# EXTRACTED ENTRIES
▬▬▬▬▬▬
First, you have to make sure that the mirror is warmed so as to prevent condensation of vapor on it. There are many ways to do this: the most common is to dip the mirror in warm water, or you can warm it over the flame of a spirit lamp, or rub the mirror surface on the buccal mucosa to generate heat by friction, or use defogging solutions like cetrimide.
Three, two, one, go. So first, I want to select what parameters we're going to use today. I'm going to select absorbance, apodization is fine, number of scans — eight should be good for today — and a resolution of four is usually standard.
▬▬▬▬▬▬
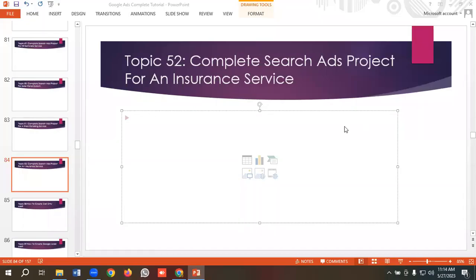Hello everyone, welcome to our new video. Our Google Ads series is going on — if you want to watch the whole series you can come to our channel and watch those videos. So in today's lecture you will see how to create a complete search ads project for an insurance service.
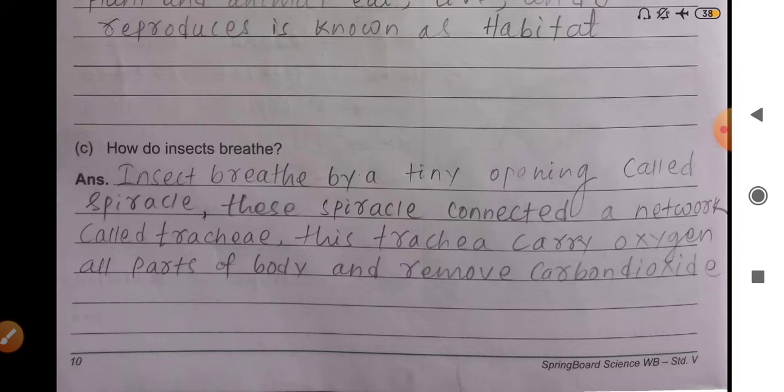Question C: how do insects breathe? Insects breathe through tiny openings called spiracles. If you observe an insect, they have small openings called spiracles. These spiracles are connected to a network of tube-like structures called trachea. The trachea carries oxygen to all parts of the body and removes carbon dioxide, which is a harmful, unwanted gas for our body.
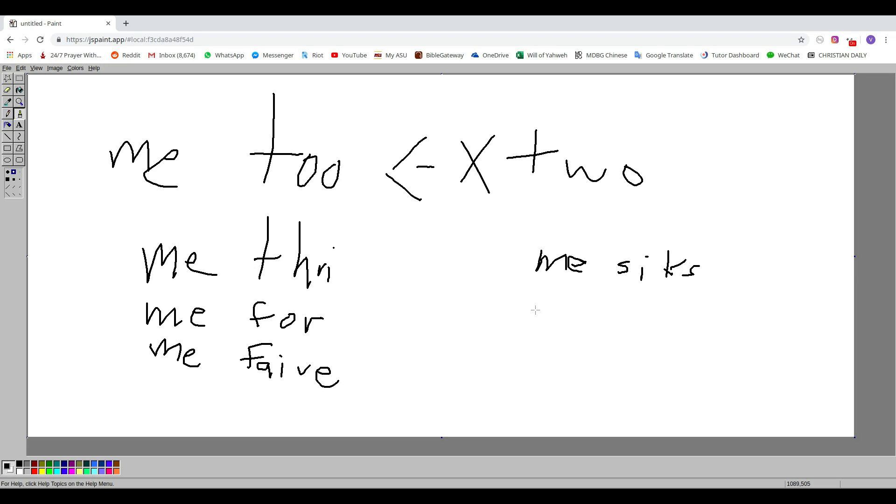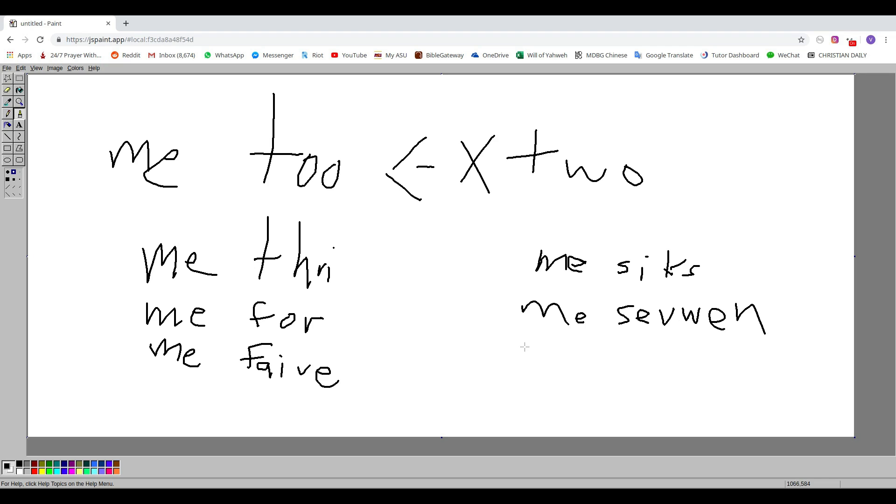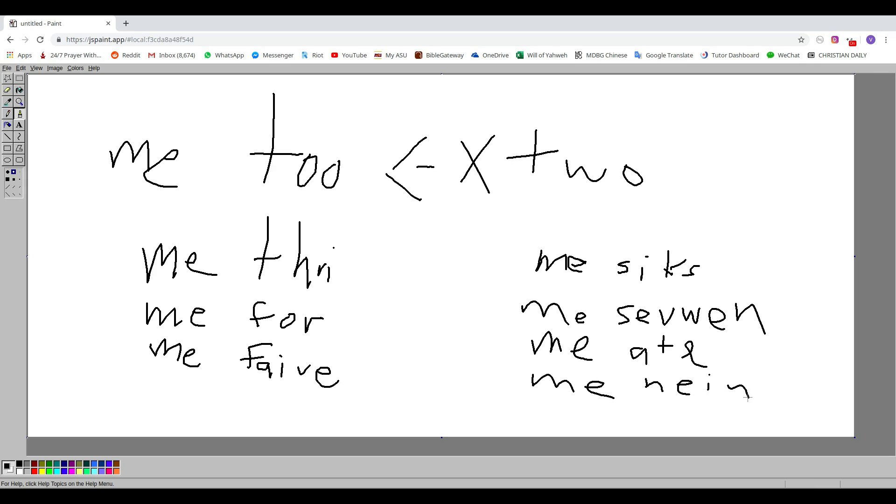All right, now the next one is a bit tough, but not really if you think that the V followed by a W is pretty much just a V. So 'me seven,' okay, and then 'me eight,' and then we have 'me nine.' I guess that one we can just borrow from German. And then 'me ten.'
▬▬▬▬▬▬
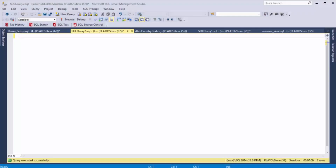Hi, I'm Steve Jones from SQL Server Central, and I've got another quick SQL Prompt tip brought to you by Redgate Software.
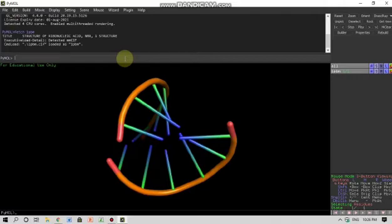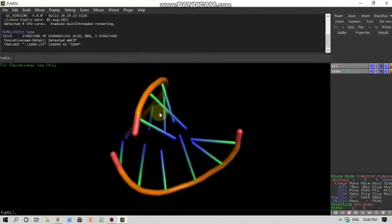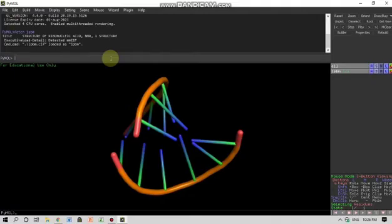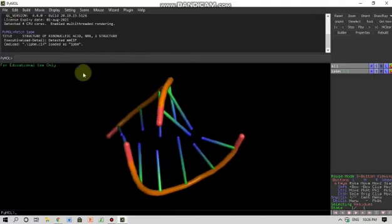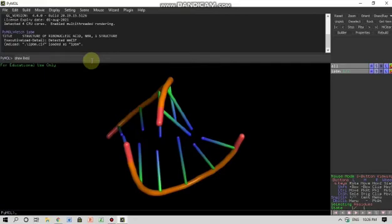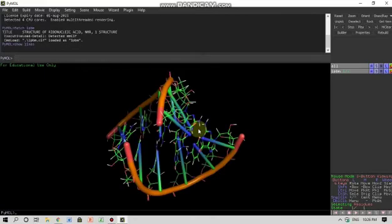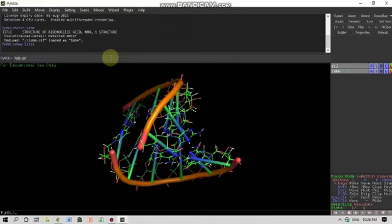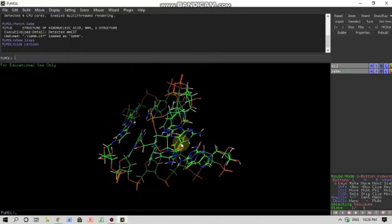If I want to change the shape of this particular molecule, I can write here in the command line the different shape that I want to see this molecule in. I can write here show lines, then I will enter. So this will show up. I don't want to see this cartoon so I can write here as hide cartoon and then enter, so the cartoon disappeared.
▬▬▬▬▬▬
# ACTIVITY
Exactly the lines above from the one that contains "Hello everyone, welcome" down to the one that contains "All right, now" are to be output, both ends kept and pictures omitted.

# EXERCISE RESULT
Hello everyone, welcome to our new video. Our Google Ads series is going on — if you want to watch the whole series you can come to our channel and watch those videos. So in today's lecture you will see how to create a complete search ads project for an insurance service.
Question C: how do insects breathe? Insects breathe through tiny openings called spiracles. If you observe an insect, they have small openings called spiracles. These spiracles are connected to a network of tube-like structures called trachea. The trachea carries oxygen to all parts of the body and removes carbon dioxide, which is a harmful, unwanted gas for our body.
All right, now the next one is a bit tough, but not really if you think that the V followed by a W is pretty much just a V. So 'me seven,' okay, and then 'me eight,' and then we have 'me nine.' I guess that one we can just borrow from German. And then 'me ten.'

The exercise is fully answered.